All’inizio la scelta delle suore di impiantare vigne fu coraggiosa, in anni in cui il vino non faceva né notizia né mercato, e figuriamoci quello sardo. Ma su quei terreni aridi e sabbiosi, ricevuti in donazione, il grano non cresceva e bisognava trovare un’alternativa per aiutare i poveri. Una decisione oggi vincente per l’ottima produzione – tre etichette di vino Dop e tre etichette Igp – ottenuta soprattutto da vitigni autoctoni come il Nasco, la Malvasia di Cagliari, il Cannonau, il Monica e il Bovale Sardo.
Il vino sardo di qualità è stata una decisione coraggiosa
A guidare le consorelle è Suor Margherita, energica ad organizzare i lavori agricoli quanto dolce a coccolare i suoi figli. Sì, perché la Comunità Evaristiana ospita bimbi e ragazzi diversamente abili o disadattati, con alle spalle storie di abusi e di abbandoni. Qui ritrovano tante mamme e l’affetto dei confratelli e dei volontari che danno una mano quando serve. Sono una ventina i ragazzi ospitati, ascoltati e aiutati da insegnanti di sostegno e recuperati alla vita, ma altri ne arrivano e restano pochi giorni, tra un affidamento e l’altro. “Non si sa mai quanti saremo a tavola” – dice suor Margherita – le forze dell’ordine ce li portano a tutte le ore, frastornati e impauriti, spesso sudici come Dio è grande“.
C’è Antonio che aveva paura di diventare grande, Rosaria discriminata perché ritenuta illegittima, Andrea troppo malato per essere assistito in famiglia.
Tutti portano avanti il messaggio del fondatore dell’ordine, padre Evaristo Madeddu, che nella Sardegna latifondista degli anni Venti ispirandosi a San Francesco si dedicò ai poveri con iniziative forti che fecero irrigidire le autorità ecclesiastiche, un po’ come avvenne per Padre Pio. Si dovette attendere gli anni Sessanta perché la Chiesa ufficiale riconoscesse pienamente la sua opera, tanto contestata e contrastata.
Il Vino di qualità ma non solo, anche l’opera cristiana è grande nel Convento del vino
Ma la solidarietà parte e arriva a Putzu Idu: un produttore di pasta non fa mai mancare il primo piatto e l’orto e il pollaio danno anche più di quel che serve a Suor Remedia, che traffica in cucina con i pentoloni. La Provvidenza – dicono – arriva sempre al momento giusto, e poi a mandare avanti il convento c’è il vino, apprezzato e ora scoperto anche dalle più nobili guide, di cui insieme alle suore si occupa un nipote studente laureando in enologia. Inutile però cercare le religiose al Vinitaly o agli altri eventi a tema.
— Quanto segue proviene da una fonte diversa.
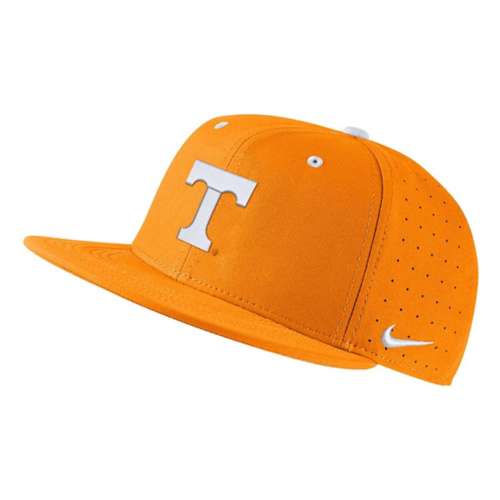 Nike Tennessee Volunteers True Baseball Fitted Hat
Delegano infatti i confratelli più assidui, Marco, Salvatore e Roy perché, pur nella consapevolezza dell’impatto mediatico di una loro presenza, non vogliono lasciare soli i ragazzi e poi c’è sempre troppo da fare in campagna.
un vino fuori dal circuito mainstream del vinitaly ma pur sempre un vino di qualità inserito nelle guide gourmet
Una storia minore di ordinaria accoglienza, questa delle Suore Evaristiane? No, perché un giorno si è inserita una storia nella storia che sembra uscita dalle pagine di Salvator Gotta o di Edmondo De Amicis e che merita di essere raccontata. Anni fa un gruppo di alpini in trasferta capitò per caso per acquistare vino e, colpito dallo stato della struttura, quasi cadente, decise di aiutare le suore senza troppe parole, alla montanara. Le penne nere guardarono, misurarono, chiesero planimetrie e mappe catastali e ripartirono. Mesi dopo, all’improvviso, una telefonata: “Arriviamo giovedì”.
Una colonna di camion targati Trento, carichi di mattoni e cemento si profilò all’orizzonte e una squadra di 35 penne nere, insieme a geometri ed elettricisti, si rimboccò le maniche, ricevendo il cambio ogni settimana per quattro mesi e coinvolgendo i commilitoni sardi che risposero subito all’appello. Alle incredule suore non restò che trafficare ai fornelli con i robusti sapori sardi, per non far sentire agli alpini la nostalgia della polenta. Una targa, “Via degli Alpini” è stata posta sul lungomare per ricordare la vicenda. Le penne nere tornano da allora ogni anno, con i figli e i nipoti, e non si tirano indietro se c’è qualche lavoro particolarmente pesante da fare. Ora la cantina è a posto, con tutte le attrezzature fiammanti, e in caso di necessità chissà che gli alpini non si inventino un’altra spedizione.
Una storia a lieto fine, questa, ma quali sono i momenti più belli? “Quando i nostri ragazzi escono da qui e si inseriscono nella società“, dice Suor Margherita, anche se sa bene che non sempre è così. E’ solo di sera, quando tutti sono a letto, che le religiose ne parlano e fanno progetti, davanti a una tv accesa che nessuna guarda, mentre Suor Teresa, 101 anni, rammenda senza occhiali e suor Emanuela riferisce sui lavori in vigna e in cantina. Domani è un altro giorno, è il caso di dire.